Put the accent on offices. In appealing to the zoning commission, Williams is greasing the rails for developer Doug Jemal, who earlier this year bought the Woodies property from the Washington Opera. Jemal plunked down nearly $30 million for the property, knowing full well that existing zoning rules mandated a mix of residential, entertainment/arts, and retail uses for the building.
Now, Jemal wants the zoning revised to some more profitable—and less living-downtown-friendly—proportions: half office and half other uses.
“When you take on a project, you don’t know what your tenancy is going to be. That’s business,” says Jemal. “If everyone knew what would happen, it wouldn’t be business.” Here’s what Jemal’s current “business” conditions have in store for Woodies: retail establishments in the basement and first two floors, topped by several floors of office and residential space. Jemal even muses about building some additional floors for “courtyard” apartments.
Downtown observers worry about how much Jemal will actually do with the property.
“It is possible that Jemal is in this to flip the [newly rezoned property] to somebody else,” says Charles Docter, chair of the Downtown Housing Now Committee.

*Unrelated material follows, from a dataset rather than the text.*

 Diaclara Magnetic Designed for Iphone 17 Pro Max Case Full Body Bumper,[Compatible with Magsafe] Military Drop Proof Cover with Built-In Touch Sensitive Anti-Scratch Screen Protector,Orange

In spite of their expressed support for expediting the zoning process, administration officials aren’t too anxious to link arms in public with Jemal’s changing business vision. Lindsley Williams, for one, says the mayor has no opinion on the “merits” of Jemal’s office-space amendments but views their speedy consideration as fulfillment of a campaign pledge. “This government was elected under a number of different tenets, and one of them was regulatory reform,” says Lindsley Williams, “and one of the aspects of regulatory reform was to move things along more quickly.”
Perhaps Lindsley Williams should consult his Woodies file. In there should be a May 10 memo from the mayor’s Office of Planning vowing to “make it very clear…why office space is needed to achieve the other goals for the building.” So much for Lindsley Williams’ assertion that the mayor’s request was simply a matter of speeding up slowpoke regulators.
For a guy who’s so often hammered for ignoring history, Mayor Williams should feel happy about falling right in line with one of the city’s most sordid traditions. While he was watching the books in spots like Boston and St. Louis, big-time developers here in D.C. were tiptoeing around city requirements that they build housing in the central business district.
The scam usually went like this: In order to extract maximum profit from their projects, downtown developers strove to jam as much office space as possible within four walls. And in exchange for the right to evade zoning rules that required housing at the downtown sites, they pledged either to build low-cost housing in far-flung neighborhoods or to contribute millions to housing nonprofits. That practice goes a long way toward explaining why apartment buildings have yet to advance beyond the fringes of downtown.
If the mayor does indeed intend to reverse that pattern, there’s no better place to start than the Woodies building. Located right at Metro Center, the 500,000-square-foot building is commonly referred to as the downtown’s “grande dame” and has fueled a four-year municipal obsession over its fate since the store’s closing. Says downtown housing proponent Terry Lynch: “It’s a flagship building for the city and for the region.”
But instead of using Woodies to trot out his commitment to a living downtown, says Lynch, the mayor is showcasing something far more familiar to his political skeptics. “This speaks to the mayor’s style,” says Lynch. “He has no planning director, is changing historical course with no consultation, has no orderly planning process, and comes right out of the blue with this proposal. He’s going to upset a well-crafted effort over several years to get that building back in use.”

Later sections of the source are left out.